Evet kesinlikle. Öğrenme süreklilik arz eder. ‘Biliyorum’ deyip bırakamayız. Her şey değişiyor; yaklaşımlar, uygulamalar, bakış açıları. ‘Ben nasıl olsa bunu biliyorum’ demek geriye gitmenin başlangıcıdır. Öğrenmenin sonu yok. Siz bir İK profesyonelisiniz ve kitap yazarısınız. Eminim ki acaba farklı bir yaklaşım olabilir mi, yeni bir şey öğrenebilir miyim diye sürekli araştırma halindesiniz.
- Anlıyorum. Çalışanın hangi açıdan baktığına bağlı; ‘Biliyorum ve üzerine yeni ne koyabilirim’ de diyebilir ‘Biliyorum, başka da bir şeye gerek yok’ da diyebilir. Uygulamalara çok sıcak bakmayanlarla da diyalogla ilerlemeyi tercih ediyorsunuz.
Evet. İK olarak bu konularda yaptırım uygulanmasını irrite edici buluyorum. Bu yüzden doğru noktada doğru iletişim kurarak ilerlemeyi tercih ediyoruz. Ama tabii istemeyeni çok da zorlayamıyoruz.

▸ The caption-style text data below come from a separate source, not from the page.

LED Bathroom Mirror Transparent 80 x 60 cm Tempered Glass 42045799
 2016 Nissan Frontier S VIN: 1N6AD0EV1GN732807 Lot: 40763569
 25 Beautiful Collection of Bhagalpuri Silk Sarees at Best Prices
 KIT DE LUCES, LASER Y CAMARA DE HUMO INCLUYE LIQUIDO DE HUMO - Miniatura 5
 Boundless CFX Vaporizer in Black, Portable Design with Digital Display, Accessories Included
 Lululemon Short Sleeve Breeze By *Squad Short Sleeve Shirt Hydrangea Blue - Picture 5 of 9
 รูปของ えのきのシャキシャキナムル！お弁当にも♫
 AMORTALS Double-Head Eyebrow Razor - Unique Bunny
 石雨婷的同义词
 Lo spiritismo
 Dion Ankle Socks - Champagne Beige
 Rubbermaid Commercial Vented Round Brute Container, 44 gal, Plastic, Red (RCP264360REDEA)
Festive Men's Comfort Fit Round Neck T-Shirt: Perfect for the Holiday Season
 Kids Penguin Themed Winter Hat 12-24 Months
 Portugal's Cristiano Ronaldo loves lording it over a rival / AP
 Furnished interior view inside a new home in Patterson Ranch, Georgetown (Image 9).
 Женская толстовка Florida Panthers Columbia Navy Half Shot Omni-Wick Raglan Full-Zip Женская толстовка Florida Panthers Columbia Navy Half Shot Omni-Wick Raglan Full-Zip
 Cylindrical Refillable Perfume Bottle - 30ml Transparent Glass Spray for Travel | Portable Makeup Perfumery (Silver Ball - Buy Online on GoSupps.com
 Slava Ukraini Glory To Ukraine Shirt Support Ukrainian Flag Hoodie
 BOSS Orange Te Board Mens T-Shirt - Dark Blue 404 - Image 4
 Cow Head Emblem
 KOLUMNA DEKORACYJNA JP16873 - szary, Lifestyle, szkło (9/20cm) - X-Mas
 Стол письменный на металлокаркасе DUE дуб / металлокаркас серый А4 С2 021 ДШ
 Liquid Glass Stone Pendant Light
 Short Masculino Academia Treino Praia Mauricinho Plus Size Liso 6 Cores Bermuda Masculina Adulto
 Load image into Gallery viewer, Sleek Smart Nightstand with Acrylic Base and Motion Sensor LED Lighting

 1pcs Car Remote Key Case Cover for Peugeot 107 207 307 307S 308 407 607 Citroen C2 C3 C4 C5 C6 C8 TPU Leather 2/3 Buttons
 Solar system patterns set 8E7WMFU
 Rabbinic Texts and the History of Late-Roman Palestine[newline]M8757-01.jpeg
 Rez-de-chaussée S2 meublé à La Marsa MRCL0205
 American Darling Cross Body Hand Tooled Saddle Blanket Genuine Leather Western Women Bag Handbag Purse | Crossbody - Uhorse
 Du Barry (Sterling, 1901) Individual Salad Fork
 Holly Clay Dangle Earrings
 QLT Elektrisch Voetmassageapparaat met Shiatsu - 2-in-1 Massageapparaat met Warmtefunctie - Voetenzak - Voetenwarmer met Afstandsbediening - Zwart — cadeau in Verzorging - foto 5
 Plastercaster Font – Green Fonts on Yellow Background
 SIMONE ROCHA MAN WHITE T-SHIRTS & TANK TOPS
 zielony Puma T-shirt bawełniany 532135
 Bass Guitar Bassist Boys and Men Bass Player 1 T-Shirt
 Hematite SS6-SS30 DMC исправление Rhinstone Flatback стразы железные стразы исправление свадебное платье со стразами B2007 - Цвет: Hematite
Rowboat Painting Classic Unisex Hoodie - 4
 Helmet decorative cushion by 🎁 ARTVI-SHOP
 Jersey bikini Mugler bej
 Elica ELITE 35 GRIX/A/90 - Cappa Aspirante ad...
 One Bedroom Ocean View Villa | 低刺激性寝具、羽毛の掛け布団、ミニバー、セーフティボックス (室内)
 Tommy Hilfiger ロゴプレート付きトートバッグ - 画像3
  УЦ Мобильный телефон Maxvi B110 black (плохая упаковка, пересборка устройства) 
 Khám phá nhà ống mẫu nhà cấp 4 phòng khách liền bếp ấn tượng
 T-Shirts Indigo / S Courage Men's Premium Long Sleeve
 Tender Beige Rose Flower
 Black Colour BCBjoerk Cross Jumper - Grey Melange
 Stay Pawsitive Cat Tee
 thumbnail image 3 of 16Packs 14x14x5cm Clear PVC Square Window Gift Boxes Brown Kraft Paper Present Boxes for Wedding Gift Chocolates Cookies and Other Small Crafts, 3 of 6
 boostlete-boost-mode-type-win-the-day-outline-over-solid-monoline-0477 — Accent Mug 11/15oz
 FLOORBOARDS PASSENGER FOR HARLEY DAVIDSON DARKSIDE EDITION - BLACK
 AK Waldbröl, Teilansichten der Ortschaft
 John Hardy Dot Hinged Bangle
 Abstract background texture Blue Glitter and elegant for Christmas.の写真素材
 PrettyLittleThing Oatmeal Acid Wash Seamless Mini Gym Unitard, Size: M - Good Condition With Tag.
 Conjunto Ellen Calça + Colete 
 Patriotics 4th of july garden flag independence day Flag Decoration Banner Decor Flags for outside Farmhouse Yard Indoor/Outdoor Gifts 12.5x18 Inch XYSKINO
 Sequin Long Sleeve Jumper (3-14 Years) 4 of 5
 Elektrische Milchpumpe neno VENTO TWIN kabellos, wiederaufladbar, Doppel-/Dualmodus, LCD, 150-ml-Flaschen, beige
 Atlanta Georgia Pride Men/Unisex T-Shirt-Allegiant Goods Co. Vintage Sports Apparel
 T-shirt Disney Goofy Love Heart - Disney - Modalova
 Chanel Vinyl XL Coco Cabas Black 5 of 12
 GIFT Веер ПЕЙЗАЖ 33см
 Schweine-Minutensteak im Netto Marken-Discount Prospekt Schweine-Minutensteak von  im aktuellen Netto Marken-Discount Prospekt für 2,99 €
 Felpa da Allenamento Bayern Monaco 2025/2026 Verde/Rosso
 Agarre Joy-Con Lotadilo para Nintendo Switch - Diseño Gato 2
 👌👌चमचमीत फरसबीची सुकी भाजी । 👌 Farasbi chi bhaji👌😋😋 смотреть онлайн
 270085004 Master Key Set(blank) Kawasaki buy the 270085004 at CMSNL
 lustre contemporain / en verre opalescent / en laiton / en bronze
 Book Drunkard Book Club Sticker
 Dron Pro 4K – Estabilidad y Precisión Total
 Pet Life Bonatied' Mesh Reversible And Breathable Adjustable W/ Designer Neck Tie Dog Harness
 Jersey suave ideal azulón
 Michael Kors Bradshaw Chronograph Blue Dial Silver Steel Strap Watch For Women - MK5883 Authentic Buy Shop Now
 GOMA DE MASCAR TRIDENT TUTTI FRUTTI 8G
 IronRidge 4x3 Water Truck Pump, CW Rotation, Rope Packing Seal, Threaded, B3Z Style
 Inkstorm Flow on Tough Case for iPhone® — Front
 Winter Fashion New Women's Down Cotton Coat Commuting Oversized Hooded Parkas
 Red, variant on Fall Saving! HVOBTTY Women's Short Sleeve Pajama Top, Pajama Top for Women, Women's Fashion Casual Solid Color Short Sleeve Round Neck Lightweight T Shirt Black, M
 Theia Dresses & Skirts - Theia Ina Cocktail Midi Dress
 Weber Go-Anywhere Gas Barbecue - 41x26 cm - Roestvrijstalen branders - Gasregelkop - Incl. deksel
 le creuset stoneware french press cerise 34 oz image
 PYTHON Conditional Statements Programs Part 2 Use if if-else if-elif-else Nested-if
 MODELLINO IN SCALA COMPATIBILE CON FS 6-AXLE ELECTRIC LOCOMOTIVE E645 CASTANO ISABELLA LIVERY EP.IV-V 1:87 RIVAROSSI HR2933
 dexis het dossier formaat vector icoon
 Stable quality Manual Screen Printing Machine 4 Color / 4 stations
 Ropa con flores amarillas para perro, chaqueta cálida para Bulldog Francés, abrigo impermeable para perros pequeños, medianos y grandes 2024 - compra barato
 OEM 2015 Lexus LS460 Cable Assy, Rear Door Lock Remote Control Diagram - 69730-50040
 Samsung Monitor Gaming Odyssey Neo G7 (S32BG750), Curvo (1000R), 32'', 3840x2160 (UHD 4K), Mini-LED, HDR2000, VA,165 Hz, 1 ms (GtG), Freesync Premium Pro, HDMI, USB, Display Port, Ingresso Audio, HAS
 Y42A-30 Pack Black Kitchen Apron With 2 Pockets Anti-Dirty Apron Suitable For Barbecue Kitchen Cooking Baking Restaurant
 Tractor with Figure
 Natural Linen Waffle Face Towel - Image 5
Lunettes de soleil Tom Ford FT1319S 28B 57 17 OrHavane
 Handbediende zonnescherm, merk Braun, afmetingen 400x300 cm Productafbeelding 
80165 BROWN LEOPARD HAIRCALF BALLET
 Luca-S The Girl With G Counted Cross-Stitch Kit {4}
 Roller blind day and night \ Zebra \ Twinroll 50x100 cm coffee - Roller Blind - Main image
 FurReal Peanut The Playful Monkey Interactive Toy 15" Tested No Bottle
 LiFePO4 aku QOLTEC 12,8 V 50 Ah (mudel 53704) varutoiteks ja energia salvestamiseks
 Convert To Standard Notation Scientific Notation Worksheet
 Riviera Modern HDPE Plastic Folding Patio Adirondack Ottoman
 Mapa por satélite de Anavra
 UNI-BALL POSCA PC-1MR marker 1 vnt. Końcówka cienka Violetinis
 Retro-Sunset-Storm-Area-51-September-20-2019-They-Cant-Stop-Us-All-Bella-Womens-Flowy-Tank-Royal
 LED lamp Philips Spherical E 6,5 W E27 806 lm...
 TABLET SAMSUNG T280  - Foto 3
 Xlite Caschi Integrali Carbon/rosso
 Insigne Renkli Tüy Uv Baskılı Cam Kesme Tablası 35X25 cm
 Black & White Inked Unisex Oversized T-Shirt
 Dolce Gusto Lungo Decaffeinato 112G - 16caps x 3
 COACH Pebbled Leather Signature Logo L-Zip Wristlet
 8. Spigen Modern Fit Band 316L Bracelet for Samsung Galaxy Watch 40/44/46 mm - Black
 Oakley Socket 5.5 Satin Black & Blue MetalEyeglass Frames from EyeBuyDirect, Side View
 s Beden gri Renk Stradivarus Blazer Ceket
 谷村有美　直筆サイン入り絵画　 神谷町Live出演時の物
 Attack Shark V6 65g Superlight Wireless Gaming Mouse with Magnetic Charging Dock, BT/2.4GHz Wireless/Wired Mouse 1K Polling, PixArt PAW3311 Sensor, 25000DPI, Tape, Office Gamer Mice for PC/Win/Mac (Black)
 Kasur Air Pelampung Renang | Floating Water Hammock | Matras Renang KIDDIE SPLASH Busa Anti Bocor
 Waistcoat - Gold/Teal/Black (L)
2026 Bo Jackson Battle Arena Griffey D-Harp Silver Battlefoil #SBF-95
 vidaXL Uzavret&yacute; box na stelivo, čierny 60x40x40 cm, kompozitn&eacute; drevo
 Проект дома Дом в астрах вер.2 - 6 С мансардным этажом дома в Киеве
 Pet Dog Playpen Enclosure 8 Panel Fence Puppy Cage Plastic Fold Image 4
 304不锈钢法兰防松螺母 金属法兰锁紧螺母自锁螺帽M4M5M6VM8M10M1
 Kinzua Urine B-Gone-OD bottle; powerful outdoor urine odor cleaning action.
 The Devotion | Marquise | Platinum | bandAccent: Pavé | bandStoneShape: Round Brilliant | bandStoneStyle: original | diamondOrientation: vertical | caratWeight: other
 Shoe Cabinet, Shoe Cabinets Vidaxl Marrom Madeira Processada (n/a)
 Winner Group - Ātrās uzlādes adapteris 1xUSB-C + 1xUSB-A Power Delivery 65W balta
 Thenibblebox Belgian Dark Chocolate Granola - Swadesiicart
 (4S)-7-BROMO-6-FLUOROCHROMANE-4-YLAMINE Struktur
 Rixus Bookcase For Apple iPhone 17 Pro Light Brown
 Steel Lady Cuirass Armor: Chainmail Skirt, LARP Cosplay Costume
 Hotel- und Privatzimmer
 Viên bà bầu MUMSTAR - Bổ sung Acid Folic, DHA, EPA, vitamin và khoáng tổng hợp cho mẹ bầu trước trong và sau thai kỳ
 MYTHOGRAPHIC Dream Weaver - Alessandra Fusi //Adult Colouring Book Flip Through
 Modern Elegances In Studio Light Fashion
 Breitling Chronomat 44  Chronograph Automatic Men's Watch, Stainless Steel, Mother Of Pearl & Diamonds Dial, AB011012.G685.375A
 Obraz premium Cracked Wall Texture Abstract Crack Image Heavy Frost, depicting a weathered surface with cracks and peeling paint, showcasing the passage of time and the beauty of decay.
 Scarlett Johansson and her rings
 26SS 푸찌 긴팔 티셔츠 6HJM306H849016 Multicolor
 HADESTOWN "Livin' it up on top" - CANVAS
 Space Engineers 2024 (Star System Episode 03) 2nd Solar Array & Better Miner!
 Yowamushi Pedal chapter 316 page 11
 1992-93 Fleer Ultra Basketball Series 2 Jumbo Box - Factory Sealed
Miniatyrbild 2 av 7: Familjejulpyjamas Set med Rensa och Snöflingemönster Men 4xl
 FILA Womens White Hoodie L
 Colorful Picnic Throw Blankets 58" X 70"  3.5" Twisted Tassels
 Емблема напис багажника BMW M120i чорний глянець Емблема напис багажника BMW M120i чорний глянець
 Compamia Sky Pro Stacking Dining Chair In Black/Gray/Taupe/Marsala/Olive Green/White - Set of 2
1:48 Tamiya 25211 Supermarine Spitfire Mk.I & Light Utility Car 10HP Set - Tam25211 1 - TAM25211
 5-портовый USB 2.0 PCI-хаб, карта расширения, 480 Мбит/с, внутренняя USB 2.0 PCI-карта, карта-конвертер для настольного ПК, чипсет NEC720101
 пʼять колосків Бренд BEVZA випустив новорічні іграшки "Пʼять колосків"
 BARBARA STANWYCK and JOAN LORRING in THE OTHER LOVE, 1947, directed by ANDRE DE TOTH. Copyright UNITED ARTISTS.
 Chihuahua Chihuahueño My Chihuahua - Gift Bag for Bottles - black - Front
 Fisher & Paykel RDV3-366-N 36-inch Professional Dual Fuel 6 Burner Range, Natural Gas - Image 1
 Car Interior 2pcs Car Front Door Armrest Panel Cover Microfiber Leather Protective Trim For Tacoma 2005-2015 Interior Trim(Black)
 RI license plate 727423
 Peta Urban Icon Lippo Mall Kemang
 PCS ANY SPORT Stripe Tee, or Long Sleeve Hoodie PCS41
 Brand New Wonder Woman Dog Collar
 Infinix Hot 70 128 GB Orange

- Peki buyurun devam edin.
Son olarak stratejik işgücü planlamasından bahsetmek istiyorum. Grup şirketlerimizin her bir fabrikasının özelindeki her bir mavi yakalı çalışanlarımıza yönelik yaptığımız bu uygulamada sürece norm kadro analizi ile başlayıp mavi yakada da kritik pozisyonları tespit ediyoruz. Yedekleme planına, devamsızlığı çok olan çalışana, departman turnoverına kadar uzanan ve ilgili bölümün her açıdan bütünsel olarak değerlendirildiği aslında tomografisini çekiyoruz tesisimizin. Yetenek havuzunda yer alan çalışanlarımıza ‘mavi yaka akademi’ veya ‘formen akademi’ gibi programlar tasarlıyoruz. Sonrasında çeşitli rotasyonlar ile farklı yetkinlik ve beceri geliştirmelerine imkan sağlamaya çalışıyoruz.
- Bünyenizde farklı kuşaklarla çalışıyor musunuz?
Şirketlerimizde baby boomer, X kuşağı, Y kuşağı ve Z kuşağı birlikte çalışıyor. Dört jenerasyon bir arada.
- Ne güzel. Kuşakların dağılımları nasıl?
600 kişilik lokasyon özelinde yaklaşık 20 tane baby boomers var.
- Çok büyük bir zenginlik.
Evet. O kadar keyifli ki onlarla çalışmak. Gerçekten çok kıymetli ve bilgi küpü hepsi. Mesela 43 yıllık çalışan ustamız var. Üç tane Z kuşağımız var. Çoğunluk X ve Y kuşağı.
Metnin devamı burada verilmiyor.